GM Corporate Communication & Sustainability MPMX, Natalia Lusnita, menegaskan keberlanjutan lingkungan memiliki keterkaitan erat dengan aspek sosial dan ekonomi masyarakat.

“Kami menyadari bahwa keberlanjutan lingkungan memiliki keterkaitan erat dengan keberlanjutan sosial dan ekonomi masyarakat. Melalui program transplantasi terumbu karang ini, MPMX tidak hanya berupaya menjaga ekosistem laut, tetapi juga membuka peluang pengembangan ekonomi masyarakat secara berkelanjutan,” kata Natalia, Sabtu (18/4/2026).

Ia menyebut program ini dirancang sebagai inisiatif jangka panjang dengan dampak yang terukur, sekaligus melanjutkan program lingkungan sebelumnya seperti penanaman 100 ribu mangrove di NTT.

2. Fokus rehabilitasi ekosistem dan edukasi masyarakat pesisir

MPMX masuk ranah konservasi laut (Dok. MPMX)

Pemilihan Pulau Messah sebagai lokasi program dilakukan berdasarkan rekomendasi Balai Taman Nasional Komodo, yang mengidentifikasi adanya kerusakan terumbu karang cukup signifikan di wilayah tersebut.

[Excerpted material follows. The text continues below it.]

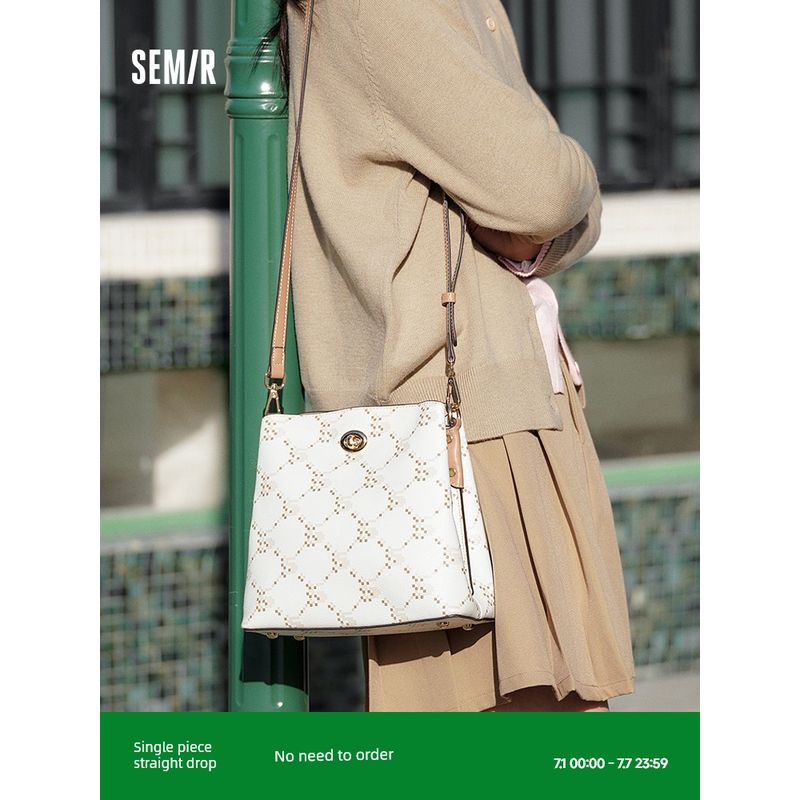 

Senma Bag Women Bucket Bag 2025 New Fashionable Retro Presbyopia Messenger Bag Large Capacity Commuter Shoulder Bag Fashion Rice White 10302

Program tidak hanya berhenti pada transplantasi, tetapi juga mencakup pendekatan edukatif kepada masyarakat, khususnya nelayan. Sosialisasi dilakukan untuk meningkatkan kesadaran akan pentingnya menjaga ekosistem laut serta mendorong praktik penangkapan ikan yang lebih ramah lingkungan.

Selain itu, masyarakat juga dilibatkan dalam pelatihan pembuatan media coral nursery. Kegiatan ini diharapkan mampu menciptakan keterampilan baru sekaligus membuka potensi wisata berbasis konservasi, seperti aktivitas penanaman baby coral yang bisa menjadi daya tarik wisata bahari.

3. Target 500 bibit karang dan penguatan ekonomi lokal

Ilustrasi MPM Group/Dok MPMX

Pada tahap awal, MPMX menargetkan penanaman 500 bibit terumbu karang menggunakan 20 unit spider frame sebagai media transplantasi. Program ini juga dirancang untuk terus berkembang dengan pendekatan pemberdayaan ekonomi berbasis potensi lokal.

Kepala Desa Pasir Putih, Mustaming, menyampaikan apresiasi atas inisiatif tersebut dan menyatakan kesiapan masyarakat untuk terlibat aktif dalam pelaksanaannya.

Menurutnya, kolaborasi antara perusahaan dan masyarakat menjadi kunci agar program ini tidak hanya berdampak pada lingkungan, tetapi juga meningkatkan kesejahteraan warga dalam jangka panjang.

Melalui langkah ini, MPMX berupaya memperkuat peran industri otomotif tidak hanya sebagai penyedia solusi mobilitas, tetapi juga sebagai agen perubahan dalam mendorong keberlanjutan lingkungan dan ekonomi di wilayah operasionalnya.